SE IL PD DICE ADDIO AL BIPOLARISMO DI COALIZIONE

08 marzo 2012 di Francesco Cundari

I toni accesi delle polemiche attorno alle primarie di Palermo hanno finito per coprire la vera novità del dibattito interno al Pd: il formarsi di un consenso molto ampio sulle questioni istituzionali. Non è una novità irrilevante per l’Italia, perché la possibilità che il Pd esprima una posizione coerente in merito è condizione indispensabile per la riforma dell’attuale legge elettorale. Ed è una novità ancor più rilevante per lo stesso Partito democratico, considerato che è proprio sulle questioni istituzionali che affonda la divaricazione originaria tra i suoi dirigenti, alla base di tutte le divergenze strategiche successive (per esempio sui diversi modelli organizzativi).
L’articolo del senatore Stefano Ceccanti uscito ieri su Europa dimostra che nel Pd è maturato ormai un larghissimo consenso attorno all’idea che il problema sia proprio il bipolarismo di coalizione (come mostrano anche le diffuse critiche al modello delle primarie di coalizione). La caratteristica peggiore dell’attuale legge elettorale, osserva infatti Ceccanti, è costituita da quel premio di maggioranza che «incentiva la formazione di coalizioni adatte a vincere ma non a governare». E prosegue confutando la tesi di chi sostiene che per ovviare a questo problema basterebbe fare come il Pd nel 2008, scegliendo liberamente di correre da solo e accettando di pagarne il prezzo. «Non è buono un sistema che ci induce troppo in tentazione», dice Ceccanti. Serve invece un sistema che incentivi un esito chiaro, con uno schieramento vincitore al governo e uno sconfitto all’opposizione, senza però pretendere di garantirlo a prescindere dalla stessa volontà degli elettori. Un sistema che lasci quindi aperta la possibilità, come extrema ratio, di una Grande coalizione.
Chiunque abbia seguito un po’ il dibattito di questi ultimi vent’anni in tema di riforme istituzionali capisce subito l’importanza della larga convergenza che si è progressivamente realizzata attorno a questi principi. Cade dunque il mito del governo scelto direttamente dai cittadini, insieme con la sua maggioranza e il suo capo (il modello dell’«unto dal Signore», vera base del ventennio berlusconiano).
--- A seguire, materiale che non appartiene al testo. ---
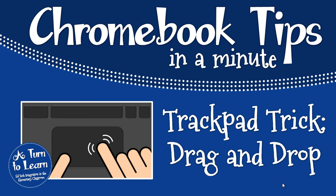Hi everyone, it's Jessica from A Turn to Learn and today I want to show you a trick to help you with dragging and dropping on your trackpad.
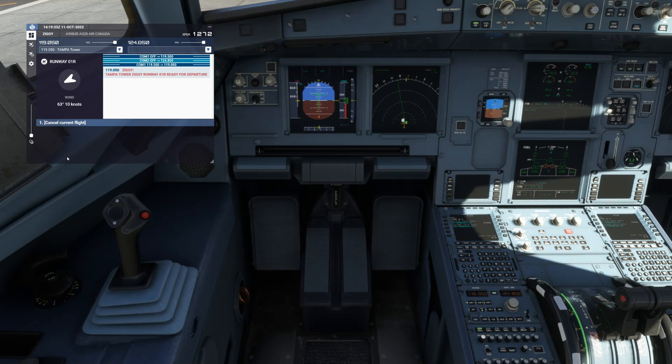Tampa Tower, Zulu India Golf Golf Yankee, runway 01 right, ready for departure.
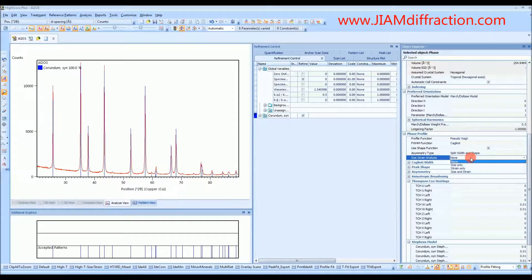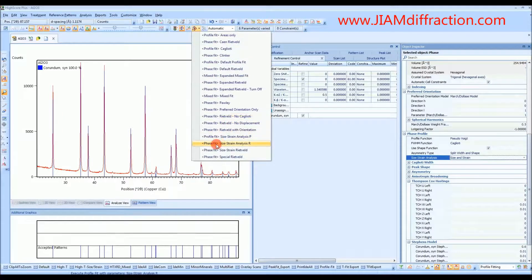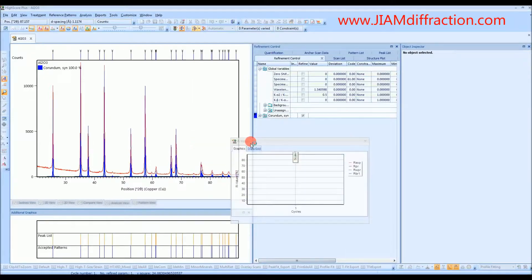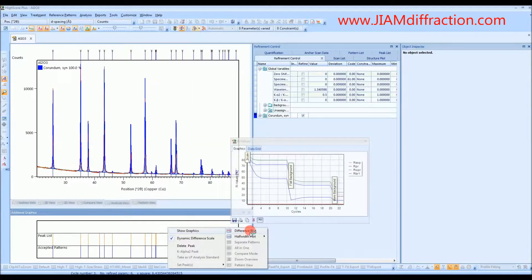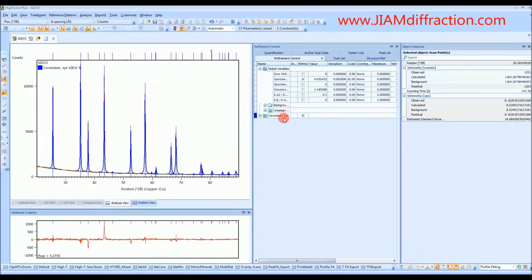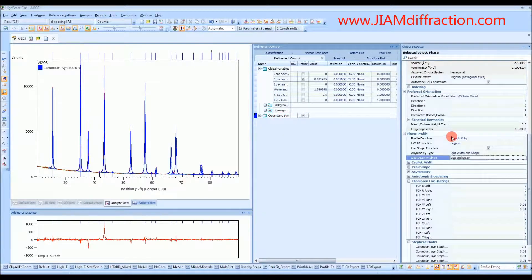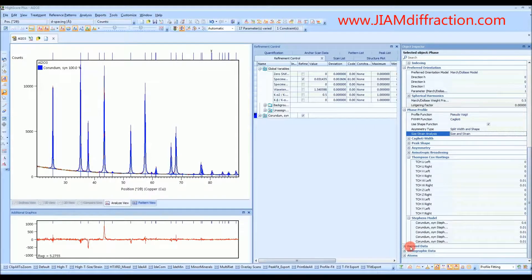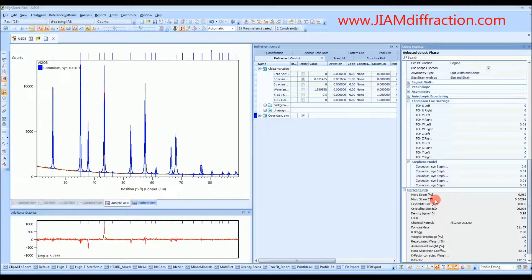This time, you do want to perform a size and strain analysis. So we'll go up here and use that same phase fit size-strain analysis R. I will go back to the difference plot. If we click on corundum and scroll all the way to the bottom, we see the derived data. Click the plus sign, and here we have the microstrain, the error on the microstrain, the crystallite size, and the error. We see that we have about 0.08% microstrain and about 830 angstroms for the crystallite size.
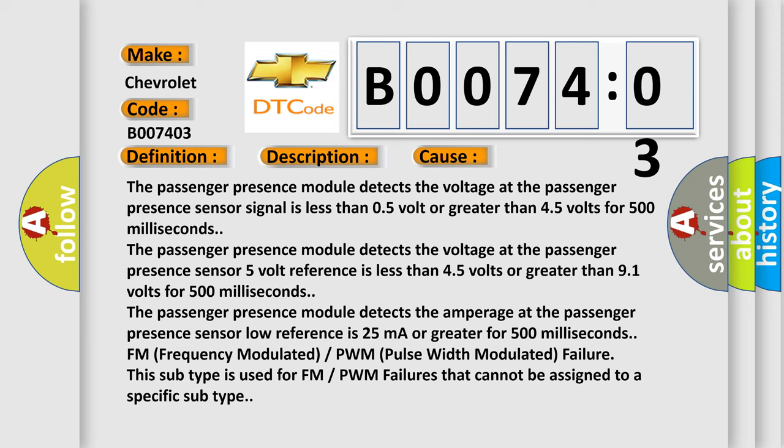The Passenger presence module detects the amperage at the passenger presence sensor low reference is 25 milliampers or greater for 500 milliseconds.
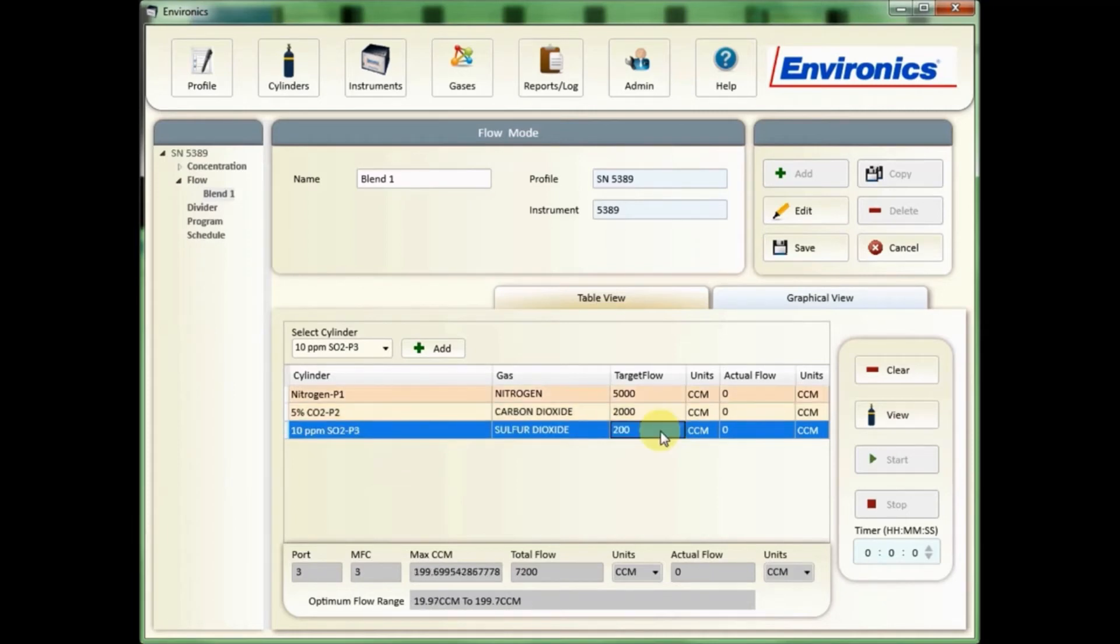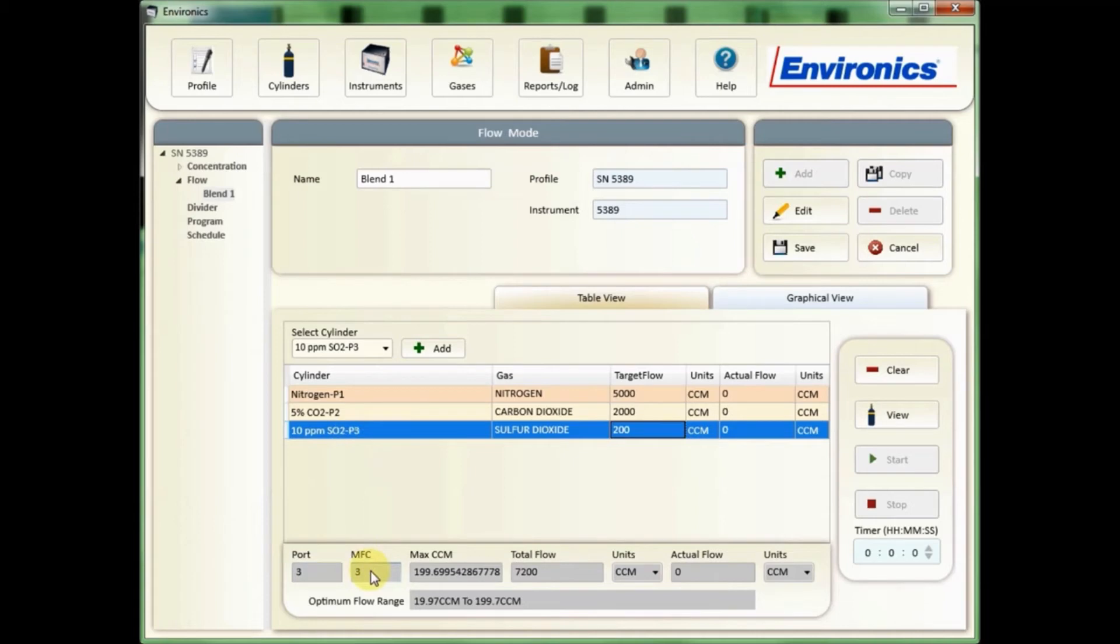Once these are all inputted, you can see here it'll show you not only which port you've assigned but also which MFC. So for 4000 this would be the same in most cases, but for 4040 or 4020 the unit will assign the correct MFC determined by which flow you select.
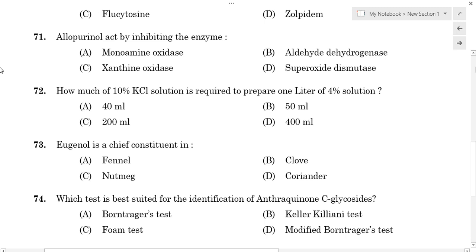Hi everyone, welcome to another informative video of Finance Pharma. In this video we are going to talk about 10 questions in Kerala PSC Pharmacy.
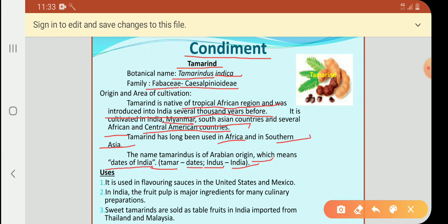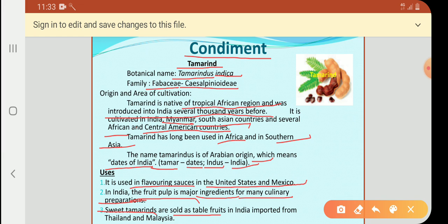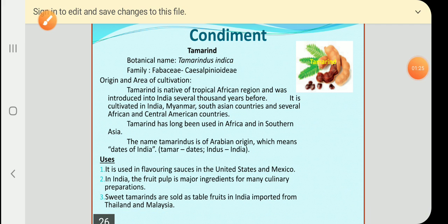It is used in flavoring sauces in the United States and Mexico. In India, the fruit pulp is a major ingredient for many culinary preparations. Sweet tamarind is also sold as a stable fruit in India, and it is imported from Thailand and Malaysia.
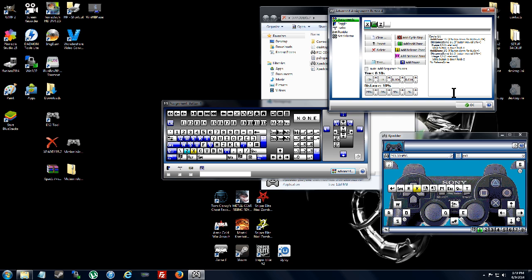So that's how you set up your PS3 controller to your computer. It's that simple.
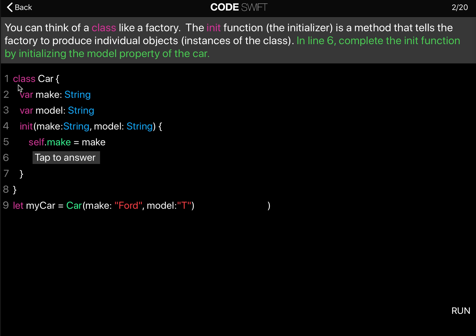So here we have a class called Car. A class can have a make and a model that are of type String. We have an initializer where we pass in a make and a model.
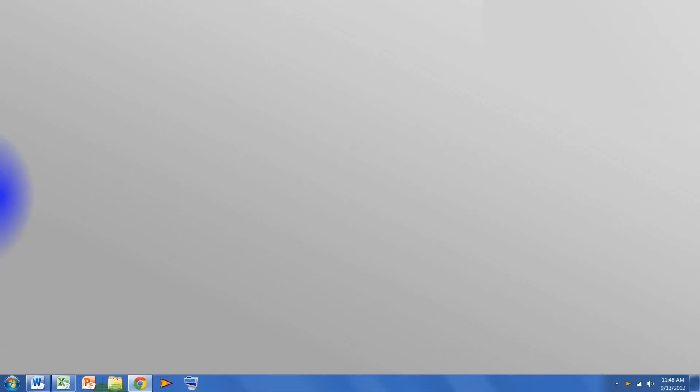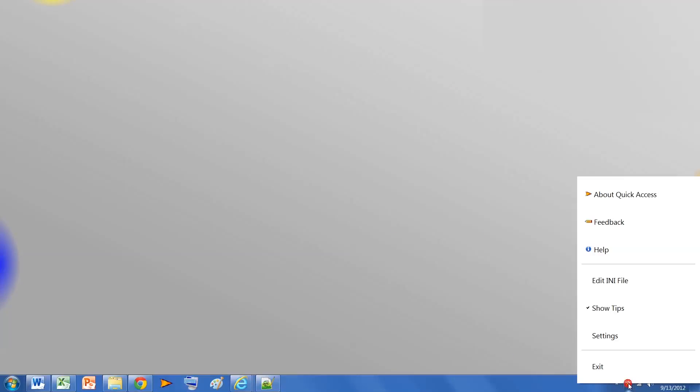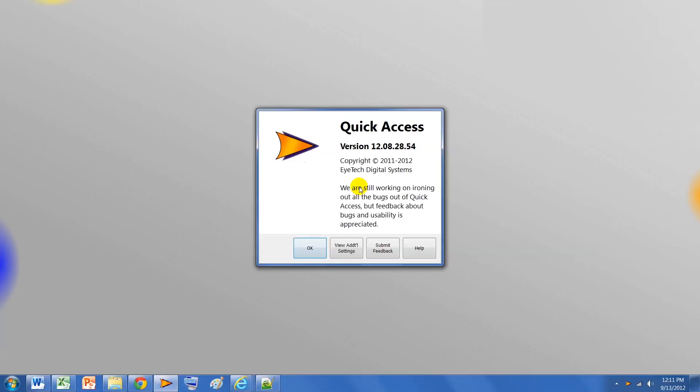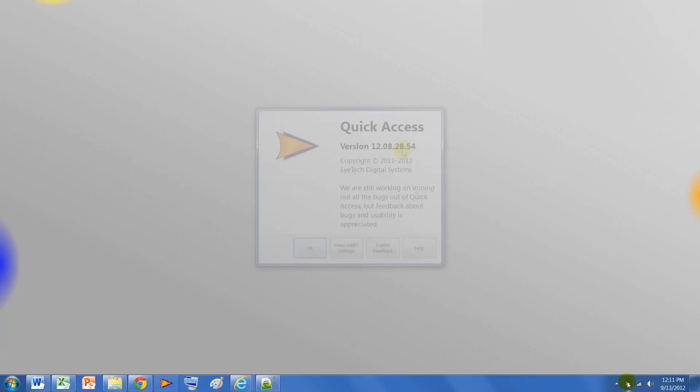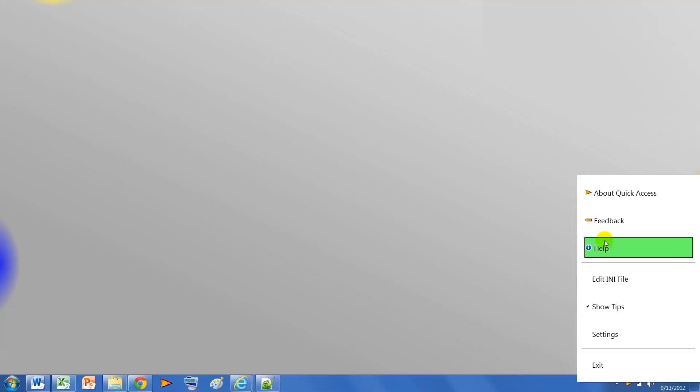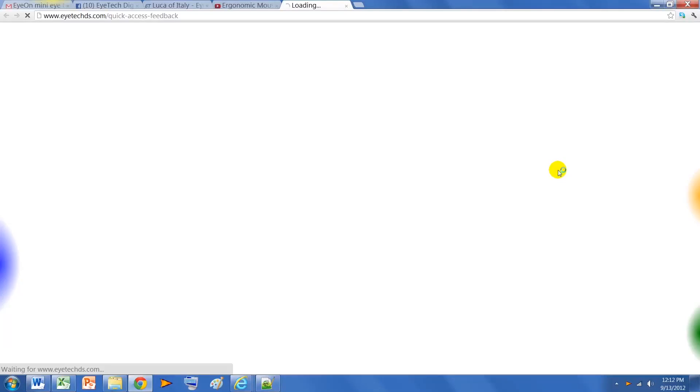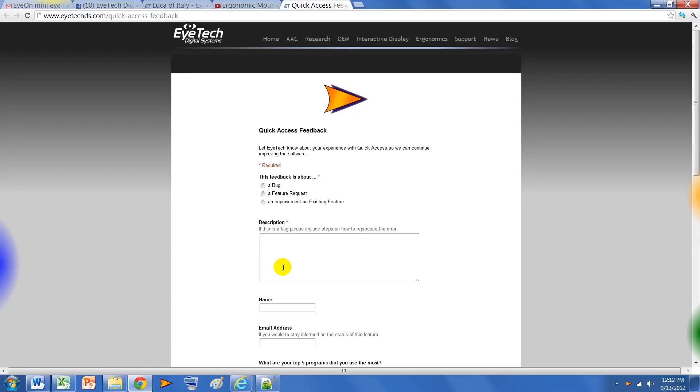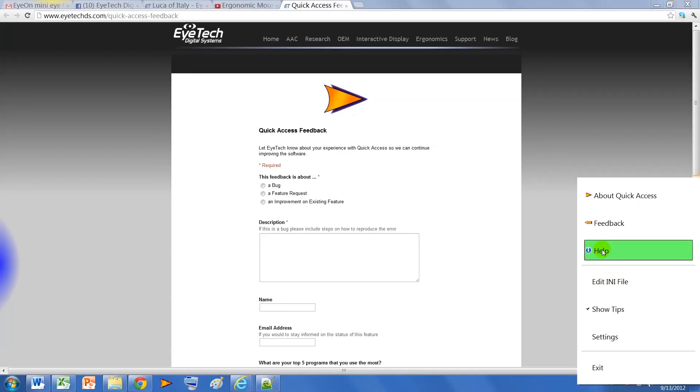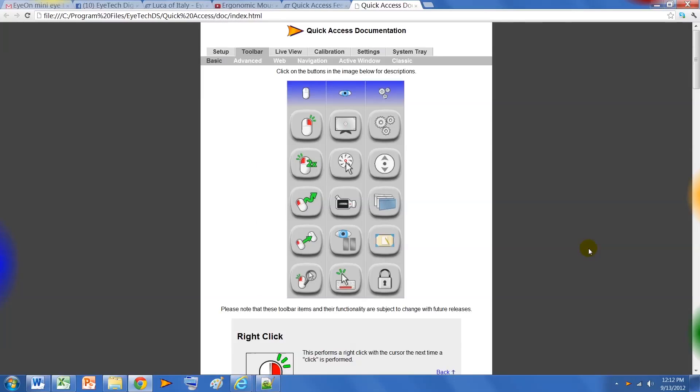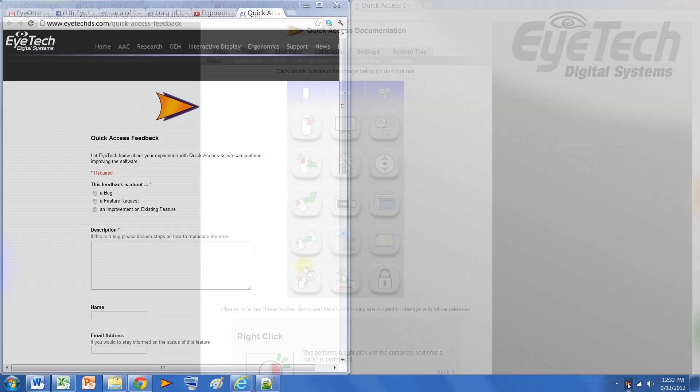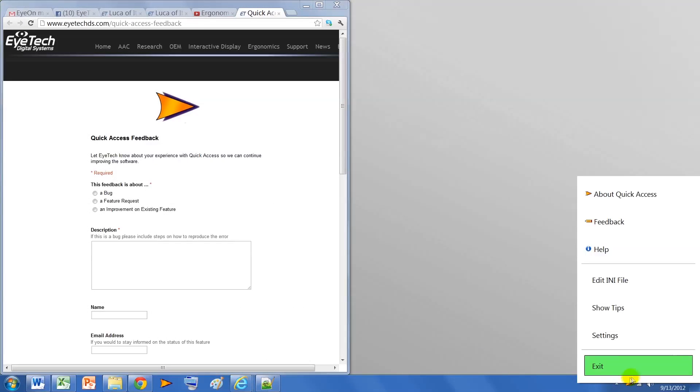And one more new feature we'll touch on is the new system tray icon. Simply click on the quick access icon to view About Quick Access to see which version of software is running, submit feedback, which is always appreciated, help to read a detailed overview of Quick Access, and exit to close the Quick Access program.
Si fa largo invece la convinzione che l’illusione di un simile potere di scelta – in netto contrasto con l’impianto parlamentare della nostra Costituzione – non sia altro che un inganno, che all’elettore non abbia dato nessuna libertà in più, ma semmai gliene abbia tolte. Non gli ha dato il potere di scegliere governi e maggioranze più di quanto non potesse fare già ai tempi della Dc (chi ha mai votato per il governo Monti e la maggioranza che lo sostiene? E prima ancora per la coalizione Berlusconi-Scilipoti?). In compenso, il bipolarismo di coalizione ha tolto all’elettore il diritto di scegliersi il proprio partito e persino il proprio parlamentare (anche questa non certo una novità dell’attuale legge elettorale, come ben sanno gli sfortunati elettori dei tanti «collegi sicuri» di destra e di sinistra che in questi vent’anni si sono visti paracadutare senza alcuna possibilità di scelta i personaggi più indigeribili).
Il fatto che nel campo del centrosinistra queste posizioni appaiano ormai generalmente condivise è la premessa più rassicurante per il futuro del nostro sistema politico, e anche del Pd. Almeno per chi abbia a cuore, per entrambi, un’evoluzione coerente con l’impianto giuridico, politico e culturale della nostra Costituzione.